Description of the task = Go through the listing below and output exactly the line with "Teenage Mutant Ninja", the line with "Jaga Silaturahmi, Bhabinkamtibmas", and each line between; omit the rest.

Dataset entries =
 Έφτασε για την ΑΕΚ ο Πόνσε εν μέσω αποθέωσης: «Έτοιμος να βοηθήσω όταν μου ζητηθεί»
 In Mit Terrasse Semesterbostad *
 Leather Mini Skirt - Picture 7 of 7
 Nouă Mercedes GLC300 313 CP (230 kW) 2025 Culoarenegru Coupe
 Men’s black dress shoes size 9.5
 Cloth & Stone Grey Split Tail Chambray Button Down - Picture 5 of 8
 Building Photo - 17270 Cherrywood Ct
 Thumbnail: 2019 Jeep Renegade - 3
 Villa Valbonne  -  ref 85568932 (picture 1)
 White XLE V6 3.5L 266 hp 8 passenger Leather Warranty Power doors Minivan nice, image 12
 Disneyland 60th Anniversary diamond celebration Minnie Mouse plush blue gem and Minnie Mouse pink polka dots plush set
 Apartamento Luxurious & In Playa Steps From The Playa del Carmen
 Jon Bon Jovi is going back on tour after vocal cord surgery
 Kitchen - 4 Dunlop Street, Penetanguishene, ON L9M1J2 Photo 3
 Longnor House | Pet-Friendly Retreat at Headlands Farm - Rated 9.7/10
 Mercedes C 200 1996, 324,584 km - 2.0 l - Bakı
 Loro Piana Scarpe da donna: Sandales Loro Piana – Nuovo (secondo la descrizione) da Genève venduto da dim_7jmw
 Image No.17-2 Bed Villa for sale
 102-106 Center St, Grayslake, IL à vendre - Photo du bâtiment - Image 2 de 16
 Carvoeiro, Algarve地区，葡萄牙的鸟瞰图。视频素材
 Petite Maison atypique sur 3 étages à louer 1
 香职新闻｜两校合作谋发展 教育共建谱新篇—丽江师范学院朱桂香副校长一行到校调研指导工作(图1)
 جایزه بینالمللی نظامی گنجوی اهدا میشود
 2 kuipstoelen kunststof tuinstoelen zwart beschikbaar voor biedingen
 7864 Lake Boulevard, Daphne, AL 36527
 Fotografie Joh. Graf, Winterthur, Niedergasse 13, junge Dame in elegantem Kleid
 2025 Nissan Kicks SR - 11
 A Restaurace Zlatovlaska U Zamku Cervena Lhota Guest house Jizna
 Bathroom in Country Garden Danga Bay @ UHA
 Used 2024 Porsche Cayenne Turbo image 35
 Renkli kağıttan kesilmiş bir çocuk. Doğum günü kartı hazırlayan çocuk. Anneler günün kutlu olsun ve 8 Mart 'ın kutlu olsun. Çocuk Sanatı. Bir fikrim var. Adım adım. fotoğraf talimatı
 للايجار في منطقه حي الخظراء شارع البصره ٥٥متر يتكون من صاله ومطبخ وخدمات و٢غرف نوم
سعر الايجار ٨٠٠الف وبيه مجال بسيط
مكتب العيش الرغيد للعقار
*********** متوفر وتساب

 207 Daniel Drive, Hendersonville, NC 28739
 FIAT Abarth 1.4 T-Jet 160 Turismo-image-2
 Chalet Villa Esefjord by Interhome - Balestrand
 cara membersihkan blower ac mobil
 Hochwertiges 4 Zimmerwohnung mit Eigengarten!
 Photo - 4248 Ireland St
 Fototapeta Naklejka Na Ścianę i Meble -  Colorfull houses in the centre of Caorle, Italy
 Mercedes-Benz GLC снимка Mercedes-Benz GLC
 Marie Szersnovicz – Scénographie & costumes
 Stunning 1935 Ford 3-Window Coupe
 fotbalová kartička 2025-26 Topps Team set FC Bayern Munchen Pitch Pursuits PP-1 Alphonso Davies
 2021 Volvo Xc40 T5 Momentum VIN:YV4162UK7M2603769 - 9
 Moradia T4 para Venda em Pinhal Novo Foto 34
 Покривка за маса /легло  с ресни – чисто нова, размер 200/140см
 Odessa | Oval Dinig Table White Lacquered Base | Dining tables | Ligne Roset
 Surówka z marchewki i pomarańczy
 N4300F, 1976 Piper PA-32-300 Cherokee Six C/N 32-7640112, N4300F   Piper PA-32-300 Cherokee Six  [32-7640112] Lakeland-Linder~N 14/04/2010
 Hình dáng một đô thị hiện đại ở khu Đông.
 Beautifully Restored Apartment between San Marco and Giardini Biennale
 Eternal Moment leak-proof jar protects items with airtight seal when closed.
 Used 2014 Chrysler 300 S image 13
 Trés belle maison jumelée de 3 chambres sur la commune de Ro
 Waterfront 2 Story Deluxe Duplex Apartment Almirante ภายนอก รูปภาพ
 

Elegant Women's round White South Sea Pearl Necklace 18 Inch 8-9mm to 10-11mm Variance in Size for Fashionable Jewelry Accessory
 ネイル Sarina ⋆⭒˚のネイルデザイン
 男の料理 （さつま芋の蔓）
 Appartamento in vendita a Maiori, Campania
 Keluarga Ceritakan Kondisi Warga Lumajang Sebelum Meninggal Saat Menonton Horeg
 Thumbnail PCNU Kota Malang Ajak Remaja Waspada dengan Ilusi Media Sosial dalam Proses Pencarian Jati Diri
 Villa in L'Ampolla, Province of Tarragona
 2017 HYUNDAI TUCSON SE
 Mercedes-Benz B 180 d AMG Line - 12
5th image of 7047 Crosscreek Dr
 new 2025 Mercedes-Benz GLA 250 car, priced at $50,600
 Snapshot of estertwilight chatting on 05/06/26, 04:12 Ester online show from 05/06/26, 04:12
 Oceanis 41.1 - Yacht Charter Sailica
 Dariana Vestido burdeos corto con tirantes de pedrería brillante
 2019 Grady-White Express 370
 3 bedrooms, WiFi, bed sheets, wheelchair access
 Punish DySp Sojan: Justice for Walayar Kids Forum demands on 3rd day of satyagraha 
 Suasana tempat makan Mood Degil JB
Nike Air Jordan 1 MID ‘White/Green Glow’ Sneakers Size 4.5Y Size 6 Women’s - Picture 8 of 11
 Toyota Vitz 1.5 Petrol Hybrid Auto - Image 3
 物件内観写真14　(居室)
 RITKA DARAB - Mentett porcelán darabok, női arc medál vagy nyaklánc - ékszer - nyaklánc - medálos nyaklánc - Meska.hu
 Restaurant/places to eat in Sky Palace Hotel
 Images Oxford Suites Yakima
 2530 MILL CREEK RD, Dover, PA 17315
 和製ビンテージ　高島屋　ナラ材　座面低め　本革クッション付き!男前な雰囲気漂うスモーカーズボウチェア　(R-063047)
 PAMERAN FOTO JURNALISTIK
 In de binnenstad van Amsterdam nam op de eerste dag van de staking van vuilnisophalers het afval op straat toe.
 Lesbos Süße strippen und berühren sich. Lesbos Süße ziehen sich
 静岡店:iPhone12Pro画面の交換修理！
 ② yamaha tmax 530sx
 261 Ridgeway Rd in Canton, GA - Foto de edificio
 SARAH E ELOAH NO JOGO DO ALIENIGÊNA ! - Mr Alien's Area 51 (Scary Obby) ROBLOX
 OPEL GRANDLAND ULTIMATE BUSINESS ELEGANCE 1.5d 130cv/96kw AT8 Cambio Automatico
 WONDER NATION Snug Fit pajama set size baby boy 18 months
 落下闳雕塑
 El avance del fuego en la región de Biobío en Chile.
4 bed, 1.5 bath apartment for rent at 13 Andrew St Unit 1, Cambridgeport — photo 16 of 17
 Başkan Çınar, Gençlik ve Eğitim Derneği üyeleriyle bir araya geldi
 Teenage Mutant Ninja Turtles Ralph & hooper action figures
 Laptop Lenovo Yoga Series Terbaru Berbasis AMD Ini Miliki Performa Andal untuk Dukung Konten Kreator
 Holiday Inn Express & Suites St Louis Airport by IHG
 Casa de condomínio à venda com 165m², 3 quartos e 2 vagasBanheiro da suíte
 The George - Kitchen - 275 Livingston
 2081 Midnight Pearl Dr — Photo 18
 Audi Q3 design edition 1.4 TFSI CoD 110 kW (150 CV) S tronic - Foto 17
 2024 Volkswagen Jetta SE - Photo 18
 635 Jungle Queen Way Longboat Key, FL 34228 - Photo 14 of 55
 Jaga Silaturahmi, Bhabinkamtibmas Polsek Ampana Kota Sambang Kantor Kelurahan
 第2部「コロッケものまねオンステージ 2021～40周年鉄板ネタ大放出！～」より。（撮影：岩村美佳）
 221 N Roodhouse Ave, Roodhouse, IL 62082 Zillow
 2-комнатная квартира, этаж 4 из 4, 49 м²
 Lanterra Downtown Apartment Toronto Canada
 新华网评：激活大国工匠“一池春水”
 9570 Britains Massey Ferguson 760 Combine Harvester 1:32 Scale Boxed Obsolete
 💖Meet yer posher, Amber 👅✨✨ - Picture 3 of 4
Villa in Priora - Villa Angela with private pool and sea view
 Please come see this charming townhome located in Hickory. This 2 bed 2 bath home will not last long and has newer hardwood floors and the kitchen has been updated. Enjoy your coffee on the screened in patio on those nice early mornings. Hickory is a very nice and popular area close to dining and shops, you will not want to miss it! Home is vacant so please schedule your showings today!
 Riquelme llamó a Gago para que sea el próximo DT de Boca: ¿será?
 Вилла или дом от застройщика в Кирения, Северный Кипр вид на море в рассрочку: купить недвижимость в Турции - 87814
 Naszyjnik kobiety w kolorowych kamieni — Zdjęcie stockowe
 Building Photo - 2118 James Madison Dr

Response area =
 Teenage Mutant Ninja Turtles Ralph & hooper action figures
 Laptop Lenovo Yoga Series Terbaru Berbasis AMD Ini Miliki Performa Andal untuk Dukung Konten Kreator
 Holiday Inn Express & Suites St Louis Airport by IHG
 Casa de condomínio à venda com 165m², 3 quartos e 2 vagasBanheiro da suíte
 The George - Kitchen - 275 Livingston
 2081 Midnight Pearl Dr — Photo 18
 Audi Q3 design edition 1.4 TFSI CoD 110 kW (150 CV) S tronic - Foto 17
 2024 Volkswagen Jetta SE - Photo 18
 635 Jungle Queen Way Longboat Key, FL 34228 - Photo 14 of 55
 Jaga Silaturahmi, Bhabinkamtibmas Polsek Ampana Kota Sambang Kantor Kelurahan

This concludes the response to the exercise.